E. Director’s Report

...Staff Recommendation on Video Taping...

I wasn’t able to attend the meeting. Earlier in the day, however, City Planning Director Patrick Ford assured me that the staff recommendation was not to ban videotaping, but to establish a written policy. He promised to e-mail that recommendation to me.

Some other background:

A 2003 publication from the Governor's Center for Local Government Services entitled "Open Meetings/Open Records: The Sunshine Act and the Right to Know Law" notes:

Recording Devices
The Sunshine Act allows persons attending public meetings to record the proceedings with recording devices.

This right extends to the use of videotaping equipment. (1) Public agencies are permitted to adopt reasonable rules governing the use of recording devices.

Persons who attend and verbally participate in public meetings must expect to have their statements recorded. (2)

Since zoning hearing board hearings are public meetings under the terms of the Sunshine Act, any citizen has a right to tape record the session.

Individuals speaking at the hearing must expect to have their statements
recorded. They can have no expectation of privacy which would afford them protection under the Federal Wire Tap Act.

1. Hain v. Board of School Directors of Reading School District, 641 A.2d 661, 163 Pa.Cmwlth. 479, 1994.
2. Harman v. Wetzel, 766 F.Supp. 271, E.D. Pa., 1991."

The PA Sunshine Act itself says:

"Section 711. Use of equipment during meetings
(a) Recording devices. Except as provided in subsection (b), a person attending a meeting of an agency shall have the right to use recording devices to record all the proceedings. Nothing in this section shall prohibit the agency from adopting and enforcing reasonable rules for their use under section 710 (relating to rules and regulations for conduct of meetings)."


Friday, March 2, 2007

Police Side-Jobs and Pittsburgh Cost Recovery: New Info

...Since the story aired...

I got a heads-up by e-mail this morning that The Burgh Report blog has posted extensive information and links about how other cities handle cost recovery for off-duty police details.
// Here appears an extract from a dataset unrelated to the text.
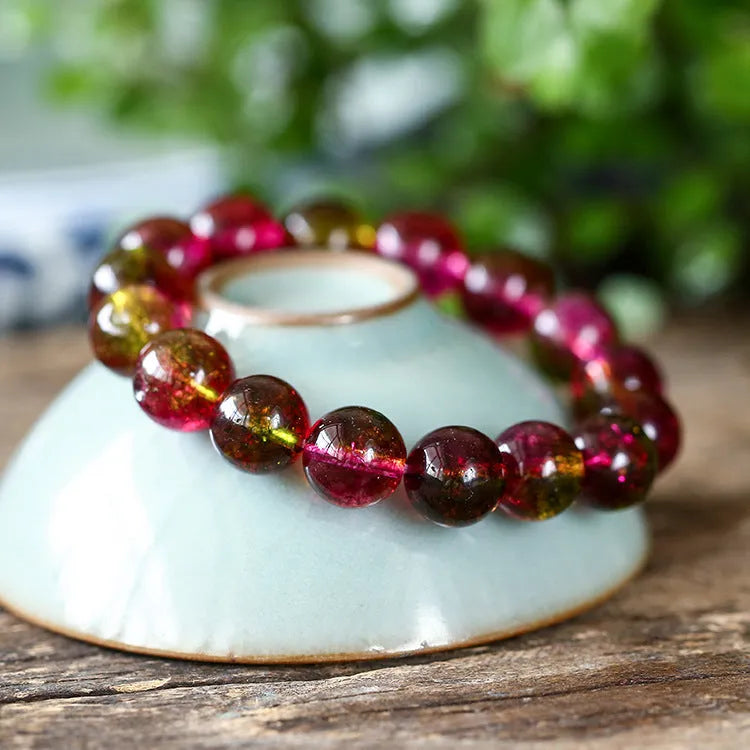 Handmade watermelon crystal bracelet in pastoral style shown in available sizes.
In working my Channel 4 Action News story last night, I had made calls to other cities for information about how they deal with this issue. None had gotten back to me in time for my deadline, so it wasn't included in the story. I did get some answers after the story aired, and had intended to blog about them this morning.
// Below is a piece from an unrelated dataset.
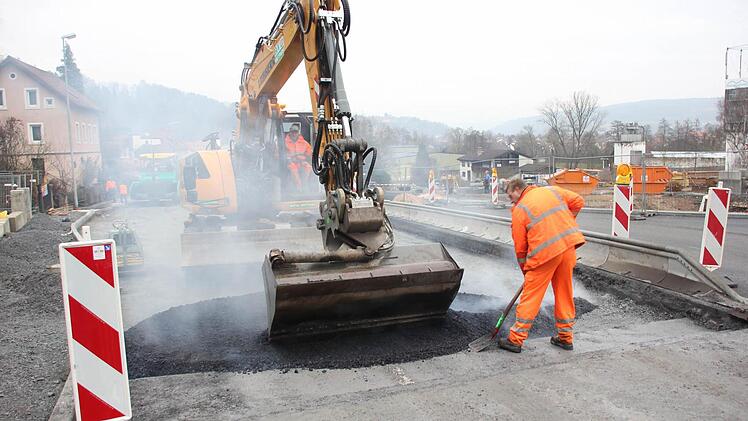 Mit der Baggerschaufel und per Hand wird der Asphalt breit gemacht. Foto: Friedwald Schedel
Cleveland Police spokesman Lt. Thomas Stacho tells me that officers there are authorized to use police equipment, including cars and uniforms on secondary employment details--any "non-deadly' equipment. He says that none of the work is run through the city of Cleveland, that the hiring is all done directly through private employers with no cost recovery by city government. He says the Indians and the Browns both hire off-duty Cleveland police officers directly, without going through Cleveland's police department.

Lt. Stacho suggested I check out Boston for a contrasting example. The police spokesman there tells me that Massachusetts law requires Boston to control what are called "paid details" there. He says Massachusetts and Louisiana are the only two states he knows of with such a requirement. He says a business wishing to hire a Boston police officer for a "paid detail" outside a regular shift must do so through the city. Their pay rate for the "detail" is not overtime, but a different, established, agreed upon rate.

I'm still waiting to hear back from the Philadelphia police public affairs unit.

By the way, while checking out Boston police on the web, I discovered that the police department has its own excellent blog. It uses the blog as a means to quickly and completely inform both the media and the public about crime, public safety, and other police matters.

For any readers who are new to checking out Pittsburgh area blogs, I should note that the burghosphere has been bubbling with detailed analysis-and-opinion posts on this topic for some weeks. The People's Republic of Pittsburgh, for example, has posted not one, but a second and a third installment.

The Post-Gazette's elections blog "Early Returns" has some insights as to why this has become a hot topic in the mayor's race.

I knocked out this post quickly this morning, before making my rounds of news and blog websites, so there may be a ton of other new info out there that I've not read yet.